The Toaster’s 2004 note was apparently critical of France’s opposition to the war in Iraq: “The sacred memory of Poe and his final resting place is no place for French cognac. With great reluctance but for [sic] respect for family tradition the cognac is placed. The memory of Poe shall live evermore!”

Events leading up to Poe’s bicentenary

In 2006 a group of onlookers unsuccessfully attempted to intercept the Poe Toaster. Aside from that incident, spectators, out of respect for the tradition (and, perhaps, the mystery), have never interfered with the Toaster’s entry, tribute ritual, or departure, nor has any concerted effort been made to identify the individual.

In 2007 a 92-year-old man named Sam Porpora claimed that he had started the Poe Toaster tradition. A former historian for Baltimore’s Westminster Church, Porpora claimed that he invented the Toaster in the 1960s as a “publicity stunt”, to reinvigorate the church and its congregation, and had falsely told a reporter at the time that it had begun in 1949. However, reports of the annual visits date from well before the 1960s, for example a 1950 article in The (Baltimore) Evening Sun that mentions “an anonymous citizen who creeps in annually to place an empty bottle (of excellent label) against the gravestone.”

Porpora’s daughter said she had never heard of her father’s actions but that it fit in with his mischievous nature; but Jeff Jerome of the Edgar Allan Poe Society pointed out that the details of Porpora’s story seemed to change with each telling. “There are holes so big in Sam’s story, you could drive a Mack truck through them,” he said.

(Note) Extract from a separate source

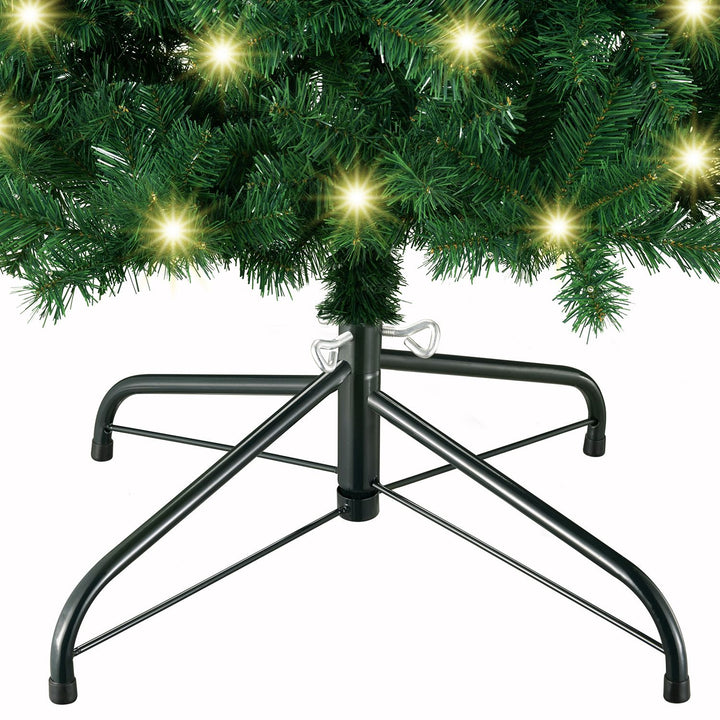 Künstlicher Weihnachtsbaum mit LEDs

Jeff Savoye, another officer in the Edgar Allan Poe Society, also questioned Porpora’s claims, but admitted he could not definitively prove or disprove them. While never retracting his claim, Porpora later acknowledged that it was not he making the annual visits, that someone else (he knew not who) had made the tradition his own.

In 2008, Curator Jeff Jerome reported that nearly 150 gathered to observe the Toaster’s appearance. 2009 marked the bicentenary of Poe’s birth; despite this milestone, the crowd was smaller than in past years, and the Toaster left no note. In 2010 the Poe Toaster failed to appear. Jerome, who had witnessed every visitation from 1976 on, had no explanation, but did speculate that if the Toaster intended to end the tradition, the 2009 bicentennial would mark a logical ending point.

The 2011 anniversary saw only the appearance of four impostors (immediately dubbed “faux Toasters”), identified as such because all four walked in clear sight of waiting observers (contrary to the real Toaster’s secretive nature), none gave the secret signal that only Jerome knows – a gesture the Toaster predictably made each year at the grave – and none arranged the roses in the unique pattern established by the Toaster. Their appearance sparked controversy: While some preferred that the tradition die a “dignified death”, others urged that it be carried on, by imitators if necessary.

In 2012, once again, there was no appearance by anyone identifiable as the “original” Toaster. Jerome (who has denied rumors that he himself was the Toaster) proclaimed the tradition “over with.”